Transfer learning is an advanced technique in artificial intelligence that involves reusing a model previously trained on large datasets and adapting it to a new task, often with limited data. Unlike traditional approaches where each task requires a dedicated model and its own data, transfer learning leverages knowledge acquired from prior training. This approach optimizes resources, reduces training time, and improves performance on related tasks, especially when annotated data is scarce or expensive. Transfer learning stands out from conventional methods due to its ability to generalize and adapt quickly to new domains by reusing pre-learned representations.
Use cases and examples
Transfer learning is widely used in computer vision, natural language processing, speech recognition, and robotics. For example, a model pre-trained on ImageNet for image classification can be adapted for detecting diseases in medical scans. In text processing, models like BERT or GPT, initially trained on vast corpora, are fine-tuned for sentiment analysis or machine translation on specific datasets.
Main software tools, libraries, frameworks
Leading frameworks supporting transfer learning include TensorFlow, PyTorch, and Keras. Specialized libraries such as Hugging Face Transformers for NLP and torchvision for computer vision make it easy to access and customize pre-trained models. Other tools like FastAI or ONNX further simplify and accelerate the implementation of transfer learning in both industrial and academic contexts.
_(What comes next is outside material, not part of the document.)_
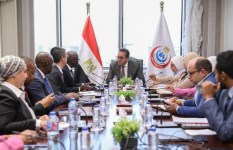 اجتماع وزير الصحة مع وفد البنك الدولى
Recent developments, evolutions, and trends
Recent progress includes multi-domain transfer, federated learning, and optimizing models for better energy efficiency and reduced carbon footprint. Foundation models such as GPT-4 or CLIP are pushing the boundaries by adapting to a growing diversity of tasks with little or no examples. Research is also focusing on transfer robustness and model explainability to ensure reliability in sensitive applications.